Paralelamente, alrededor de 5,2 millones de personas (sobre una población de 11,5 millones), entre ellas 3 millones de niños, están en situación de inseguridad alimentaria severa y necesitadas de asistencia para sobrevivir, un dato que no es novedoso en el contexto haitiano desde hace varias décadas, pero que ahora es evocado ostensiblemente, al igual que el de la «delincuencia organizada», por el propio gobierno y por quienes promueven el envío de una nueva misión militar. ¿Cómo oponerse a un reclamo de este tipo, dicen, de tan claro sentido humanitario? ¿Cómo la «comunidad internacional» podría ser tan insensible, tan insensata, como para no responder positivamente al llamado del propio gobierno del país? «Era para ayer», dijo Guterres en la ONU. «Vamos a concretarlo», prometió Blinken. «Tal vez lleve algunos meses», pero que se hará se hará, agregó el secretario de Estado de la superpotencia.
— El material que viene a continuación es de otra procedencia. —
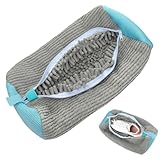 elook Schuhwaschbeutel Waschmaschine, Wiederverwendbarer Schuhbeutel Waschmaschine, Waschbeutel Schuhe Waschmaschine mit Reißverschluss für Alle Schuharten und Größen - 38 x 19 cm (Grau)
Al margen de la Asamblea General de las Naciones Unidas, Kenia, fiel aliado de Estados Unidos en África, recordó la semana pasada que se podía contar con ella para liderar una fuerza internacional de intervención en Haití. Nairobi ya había mostrado su disponibilidad a fines de julio y lo había reiterado unas semanas después. En la última semana de agosto, una delegación oficial keniata estuvo en Puerto Príncipe para «estudiar las necesidades de la PNH». Antes de reunirse con las autoridades haitianas, los africanos fueron a la embajada estadounidense, y luego juntos, keniatas y norteamericanos, marcharon a ver a representantes del gobierno de Henry. Cuando abandonaron Haití y antes de regresar a su país, los keniatas pasaron por la Casa Blanca. Y luego anunciaron que su idea de una intervención en Haití era «total», la misma posición que defiende Estados Unidos. Hasta entonces, Nairobi era favorable a un despliegue defensivo de tropas en sitios estratégicos clave (como aeropuertos o puertos) para evitar que sean tomados por las bandas armadas. Ahora se sumó a la idea de que la intervención debe ser también «ofensiva». Henry saludó «la férrea voluntad de colaboración demostrada por Kenia, un país hermano de África». Y Estados Unidos se dijo dispuesto, si no a intervenir directamente, sí a financiar plenamente la nueva misión militar, que estaría, de hecho, bajo su control, aunque fueran de otros países los soldados que pusieran el cuerpo. Blinken anunció ya una contribución de más de 165 millones de dólares, así como apoyo logístico, incluido transporte aéreo y comunicaciones. Este martes 26 se supo (la lista la publicó el diario estadounidense Miami Herald) que la fuerza de intervención, que se llamaría Misión Multinacional de Respaldo a la Seguridad en Haití, contaría con participación de otros 11 países, además de Kenia: Jamaica, Bahamas, Mongolia, Italia, España, Perú, Senegal, Belice, Guatemala, Antigua y Barbuda y Surinam. Kenia la comandaría con unos 1.000 efectivos, y estaría al mando de la PNH, una literal tomadura de pelo teniendo en cuenta la incapacidad de la policía local para comandar nada. Un político dominicano, Narciso Isa Conde, escribió el martes en la publicación digital Resumen Latinoamericano que también podría haber participación en la misión de «tropas procedentes de la minoría negra estadounidense». De esa nueva perversión, al menos todavía, no se ha hablado oficialmente.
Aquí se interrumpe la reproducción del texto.